Daytona Beach permitted the game, which was played on March 17, 1946. This contributed to Robinson breaking Major League Baseball's color barrier the following year when he joined the Dodgers. The refusal by Jacksonville, previously the Dodgers' spring training home, led the team to host spring training in Daytona in 1947 and build Dodgertown in Vero Beach for the 1948 season. A statue of Robinson is now located at the south entrance to the ballpark.

The ballpark was previously the home field of the Daytona Beach Islanders (1920–1924, 1936–1941, 1946–1966, 1977, 1985–1986), Daytona Beach Dodgers (1968–1973), and Daytona Beach Astros (1978–1984). The major league Montreal Expos conducted their spring training at the park from 1973 to 1980.

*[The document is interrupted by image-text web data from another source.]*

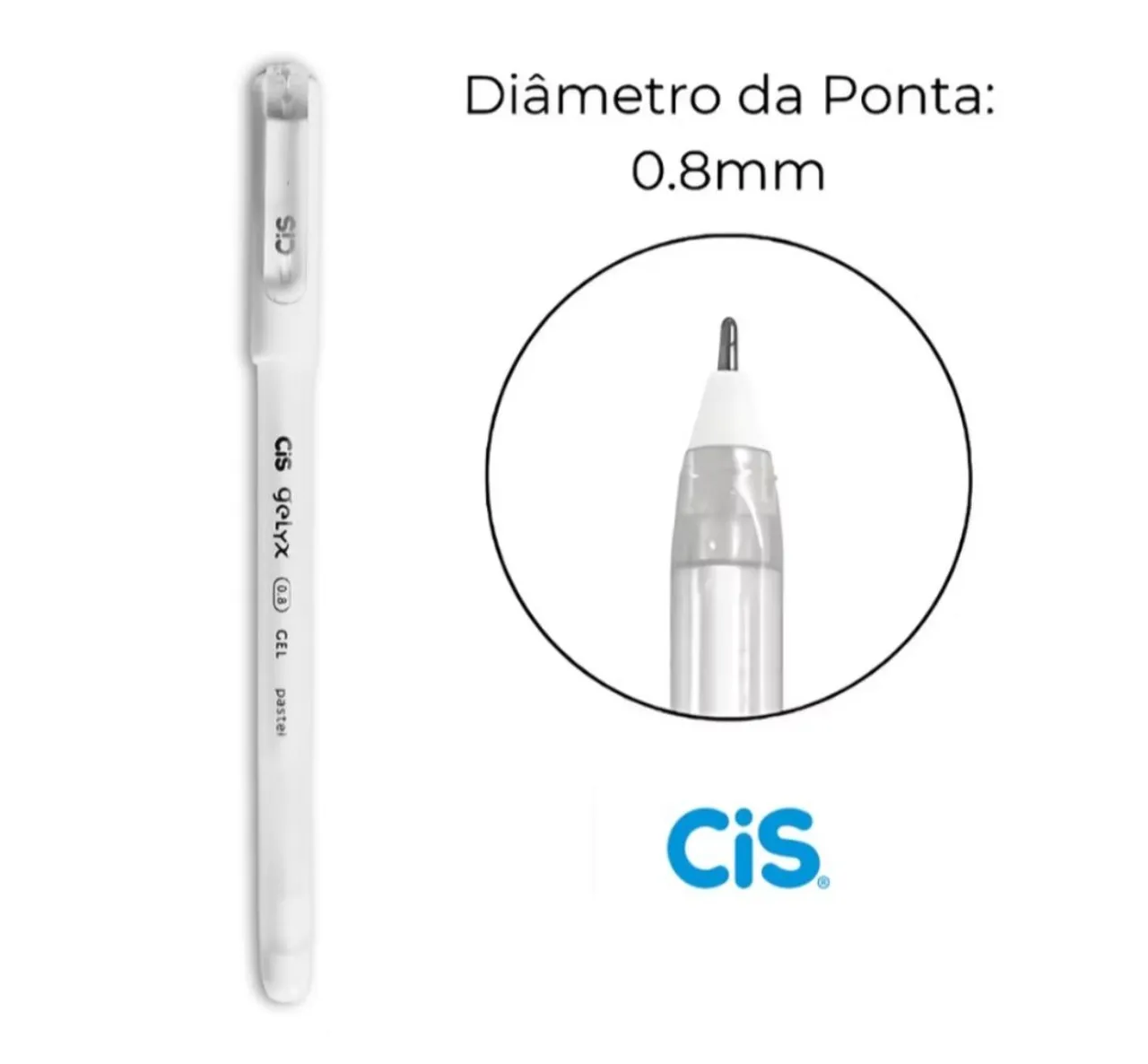 Caneta Branca Gel Cis 0.8mm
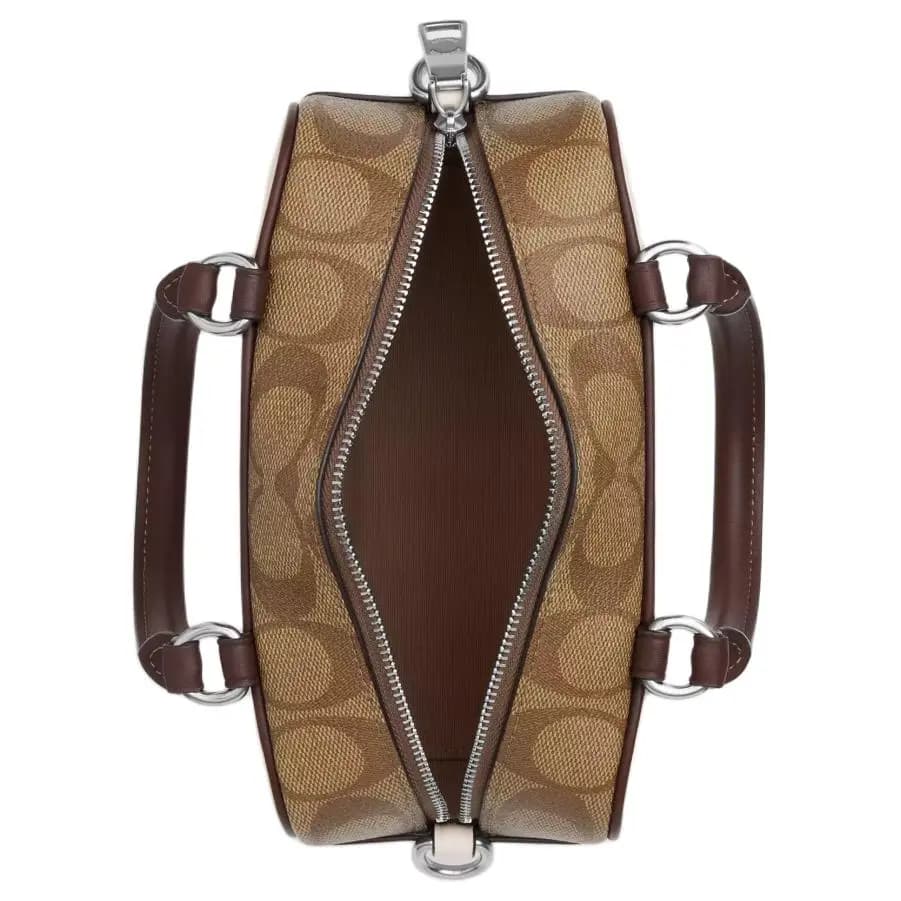COACH Satchel 18 Dəri Çiyin Çantası Qadın Gümüşü/Ağ 3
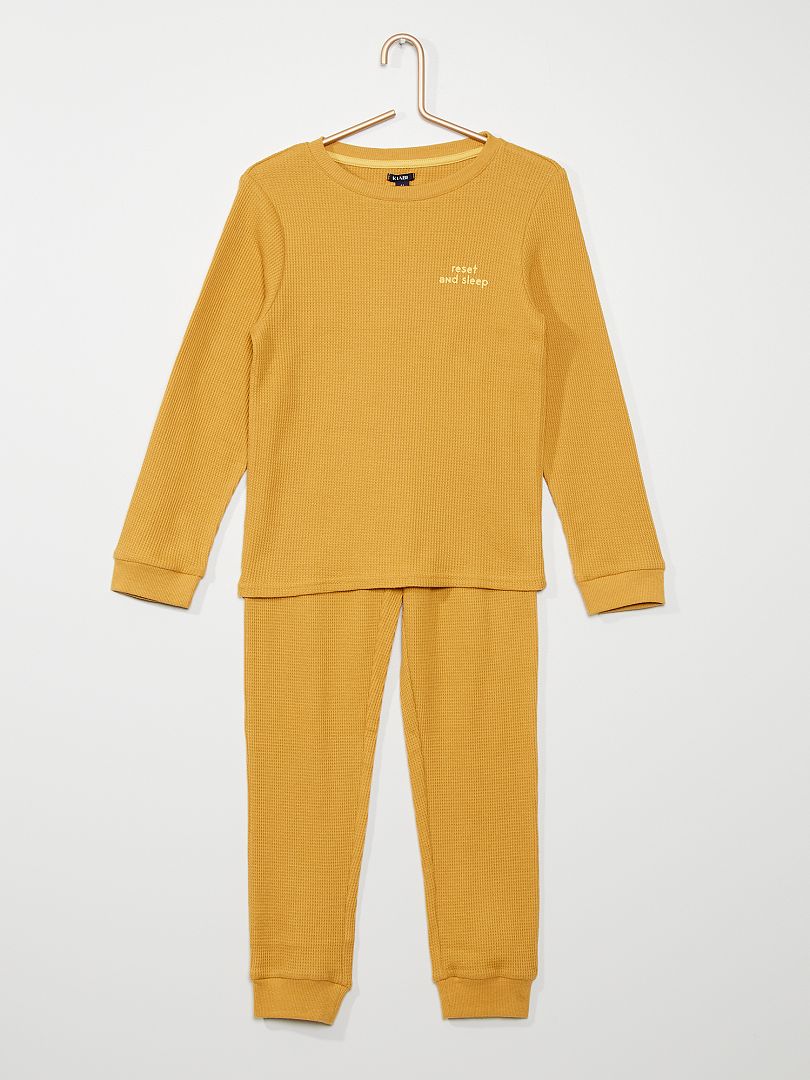 Pyjama en maille nid d'abeille jaune - Kiabi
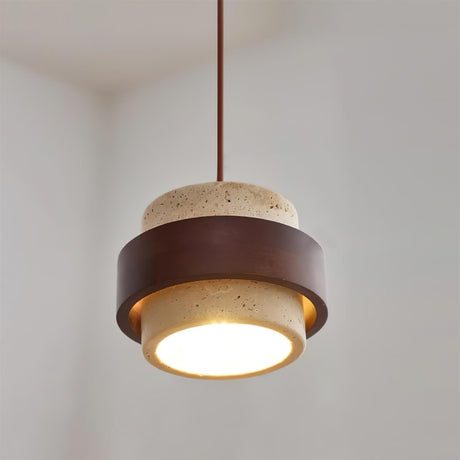 Wood band pendant for living area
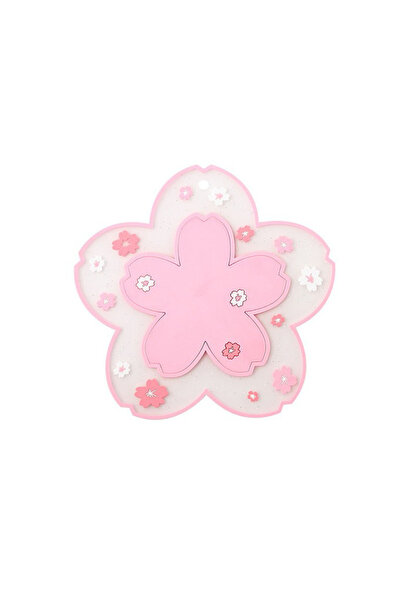 choice2 S 11cm Pink Cherry Blossom Silicone Cup Coaster Non-Slip Heat Insulat...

As of the 2021 season, Jackie Robinson Ballpark is the oldest active ballpark in Minor League Baseball.

===Outside of baseball===
The stadium sustained heavy damage during Hurricane Donna in 1960. A $2 million historic renovation project was accelerated after Hurricane Floyd ripped off the metal roofs over the seating in 1999. In 2004, the ballpark suffered moderate damage during Hurricane Charley, causing several home games to be moved to Melching Field at Conrad Park in nearby DeLand.

On October 22, 1998, the stadium was added to the United States National Register of Historic Places. This property is part of the Daytona Beach Multiple Property Submission, a Multiple Property Submission to the National Register.

On May 12, 2018, the stadium hosted a concert by rapper Nelly with Bone Thugs-n-Harmony and Juvenile as the opening acts.

In 2025, the park was named a National Commemorative Site and added to the African American Civil Rights Network.